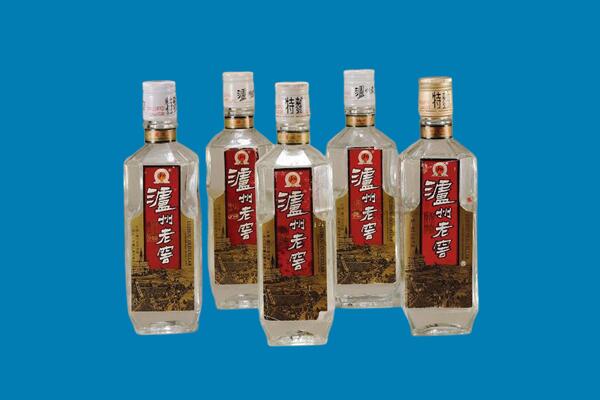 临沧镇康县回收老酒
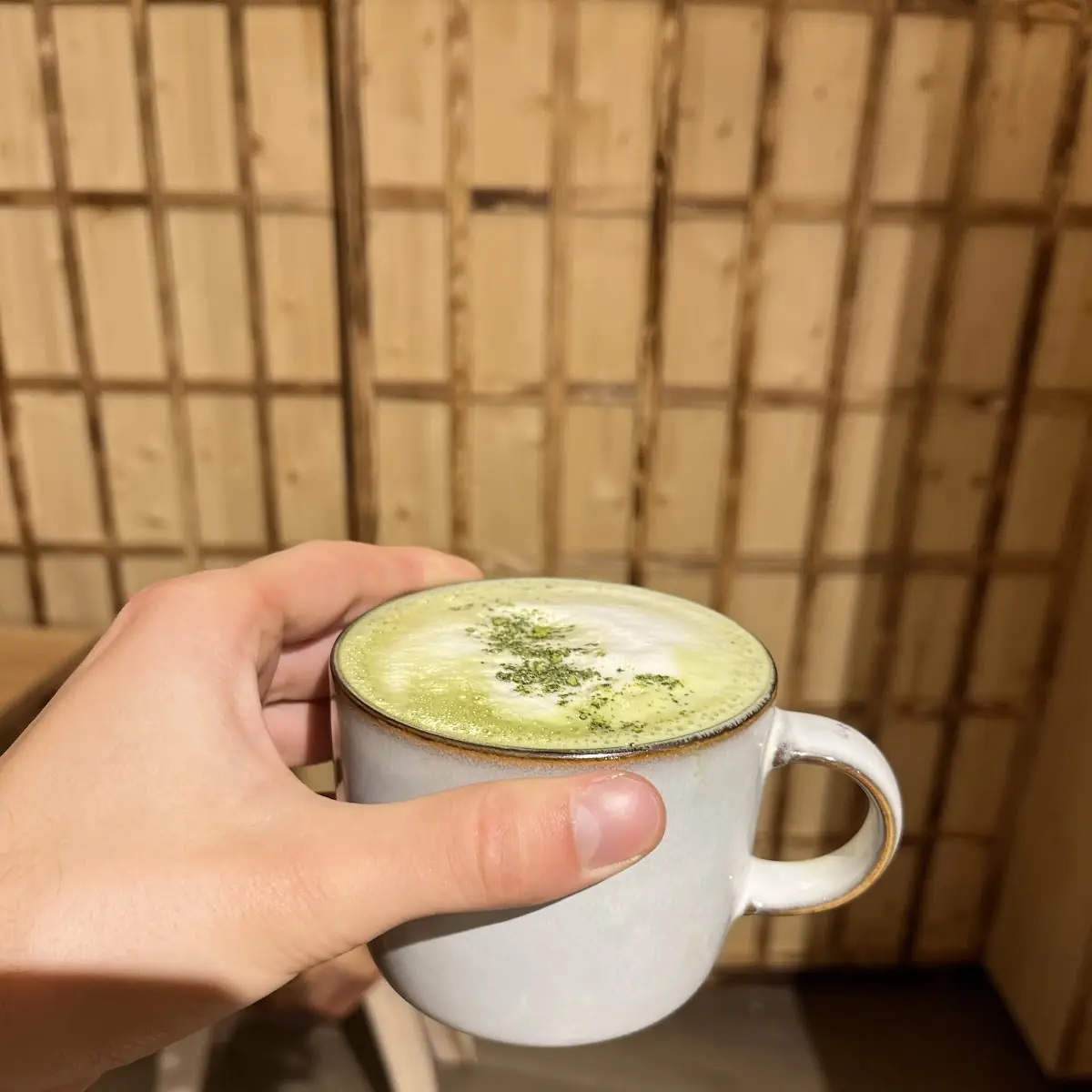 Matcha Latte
* * *
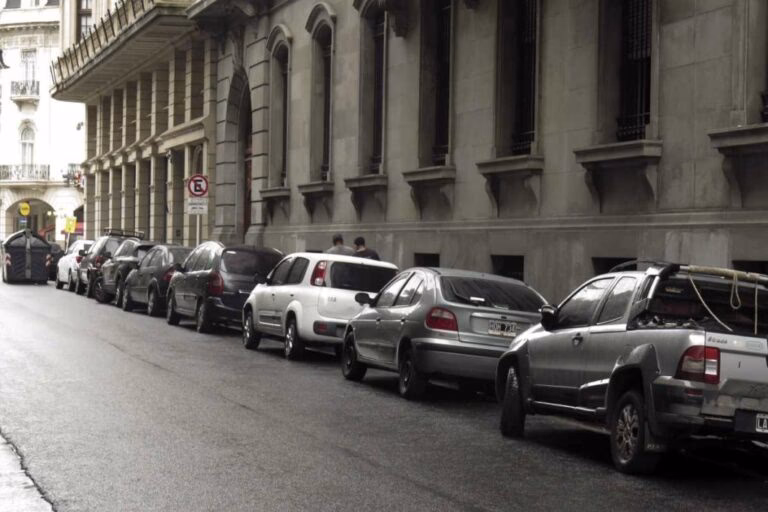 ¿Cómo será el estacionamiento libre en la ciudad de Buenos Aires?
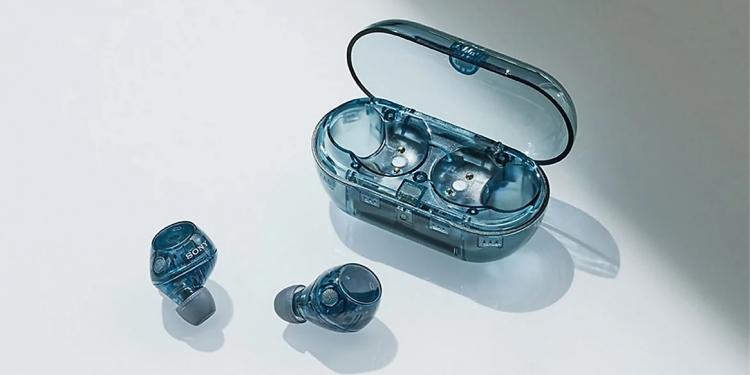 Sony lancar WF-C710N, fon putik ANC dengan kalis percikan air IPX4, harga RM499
---
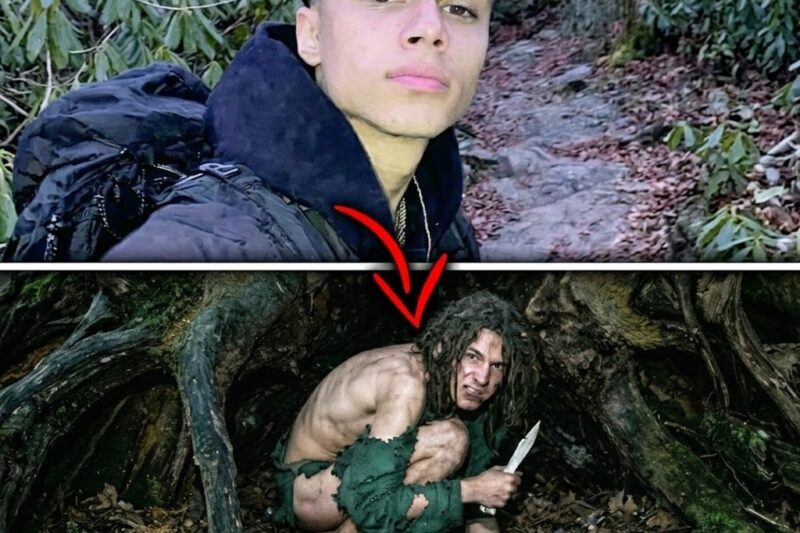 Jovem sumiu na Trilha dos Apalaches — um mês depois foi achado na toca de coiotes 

● **Problem details**:
Out of the records above, return only the lines from the one with "de Buenos Aires?" through the one with "Sony lancar WF-C710N, fon", exactly, and none of the pictures.

● **Output**:
 ¿Cómo será el estacionamiento libre en la ciudad de Buenos Aires?
 Sony lancar WF-C710N, fon putik ANC dengan kalis percikan air IPX4, harga RM499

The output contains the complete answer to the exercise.